Rego's childhood seems to have had a profound impact on the nature and subject matter of much of her art. Born in Portugal during António de Oliveira Salazar's socially oppressive regime, Rego was brought up in an unusually liberal household. Her father, a staunch republican and democrat, opposed to the influence of the church, instilled in his daughter a strong sense of independence and a love of art and literature. As an only child, her imagination was shaped by narrative. Family members would all vie to recount vivid and often terrifying folk stories from memory or read illustrated books aloud, including Blanco y negro, a publication full of tales told through bold, graphic illustrations. This book features prominently in The Lesson; the giant green tome is set before the group of crouched 'students', providing a link into Rego's early learning experiences.

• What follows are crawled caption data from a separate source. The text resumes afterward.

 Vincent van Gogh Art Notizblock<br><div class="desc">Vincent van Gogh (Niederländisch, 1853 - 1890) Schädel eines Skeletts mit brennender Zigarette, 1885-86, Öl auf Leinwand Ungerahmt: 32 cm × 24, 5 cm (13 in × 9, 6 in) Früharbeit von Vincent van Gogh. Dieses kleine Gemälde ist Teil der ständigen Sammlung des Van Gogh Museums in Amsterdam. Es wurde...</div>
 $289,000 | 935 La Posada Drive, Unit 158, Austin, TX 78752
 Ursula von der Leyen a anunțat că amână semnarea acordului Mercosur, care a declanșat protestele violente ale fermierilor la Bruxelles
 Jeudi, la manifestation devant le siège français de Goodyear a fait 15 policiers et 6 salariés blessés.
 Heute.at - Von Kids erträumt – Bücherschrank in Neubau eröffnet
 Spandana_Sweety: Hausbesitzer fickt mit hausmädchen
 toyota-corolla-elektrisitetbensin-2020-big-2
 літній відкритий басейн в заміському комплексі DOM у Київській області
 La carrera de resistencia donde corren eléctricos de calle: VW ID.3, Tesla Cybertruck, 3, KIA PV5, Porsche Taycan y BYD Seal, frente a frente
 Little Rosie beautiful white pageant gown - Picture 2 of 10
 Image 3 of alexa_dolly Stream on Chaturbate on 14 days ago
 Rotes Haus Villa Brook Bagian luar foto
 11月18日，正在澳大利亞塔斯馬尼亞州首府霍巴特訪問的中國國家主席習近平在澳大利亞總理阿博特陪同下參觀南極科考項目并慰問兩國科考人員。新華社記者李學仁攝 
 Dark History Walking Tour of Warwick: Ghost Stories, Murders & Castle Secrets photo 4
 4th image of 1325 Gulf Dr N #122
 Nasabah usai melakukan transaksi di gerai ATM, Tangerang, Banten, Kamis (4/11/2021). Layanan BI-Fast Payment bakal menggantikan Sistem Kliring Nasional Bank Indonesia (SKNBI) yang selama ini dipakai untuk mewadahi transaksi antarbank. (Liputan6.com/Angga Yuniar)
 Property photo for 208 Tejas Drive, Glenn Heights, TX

The presence of Blanco y negro in The Lesson suggests the possible influence of another early, and perhaps painful memory from her youth. In order to be accepted into an English secondary school at the age of ten, Rego received extra tuition at home from a tyrannical teacher, whom she loathed but was compelled to obey. “She was rough and cruel and she used to hit me', Rego recalled, 'I used to be literally sick from fear of her. She'd say: 'You can't draw. You'll never be able to draw.' But being a child I never told my mother, because that was how I thought it was meant to be.” (Rego cited in J. McEwen, Paula Rego, London, 2006, p. 36). Rego's art has always depended upon personal experience for its inspiration, and this experience of submission before the authority of someone in power appears to resurface in the impromptu classroom scene enacted in The Lesson. The five, uncomfortably crouched figures are not children however, they are grown women, in whom the characteristics of a schoolgirls are still clearly visible. The painting has a strangely unsettling atmosphere; the uniformity of the women's drab business suits are seemingly at odds with their awkward, childlike mannerisms, whilst their cramped arrangement and proximity to the ground emphasizes a sense of subservience. The almost identical characters, all Portuguese models that bear a close resemblance to Rego herself, convey a number of human attitudes and emotions, which together can be seen as facets of a single human being. The foremost figure, with her hands clasped as if in prayer, assumes the typical traits of an overly eager teacher's pet, whilst the others appear fidgety, bored or completely distracted, and yet they are all deferring to an absent or imaginary authority.
Rego's images play with the viewer's notion of innocence, acts of female submission and control. Her husband, the painter Vic Willing, more specifically defined her concerns as being, 'domination and rebellion, freedom and oppression, suffocation and escape' (Willing cited in ibid.). The figure to the left, tugging at her skirt hem further hints at these underlying concerns by bearing a close resemblance to the women in Rego's confrontational Untitled (Abortion) series of pastel works. This series, also begun in 1997, formed a response to the referendum in Portugal to legalise abortion, which was voted against after intense pressure from the church. Rego's distaste for such politics led her to depict solitary young girls undergoing illegal abortions in their bedrooms, often squatting over vessels such as the black bucket that here in this work is inverted to function as a stool. Despite touching on such controversial aspects of women's position in society, Rego's women are never represented as victims; they always retain a sense of power over their identities and their bodies. This can be seen in the women of The Lesson, who apparently struggle with conformity when confronted with authority.
Rego's narratives evolve from a process of drawing intuitively from her mind's eye, collaborating with models and reshaping her ideas on canvas. By combining elements of the observable world with the lingering memories imbedded in her imagination, and present circumstances, Rego establishes a dynamic process that allows the story to unfold as the painting develops. Though elements may emerge from deeply personal sources or recognisable influences, her characters and the situations in which they are placed, ultimately maintain a mysterious inscrutability that invites viewers to improvise a story for themselves.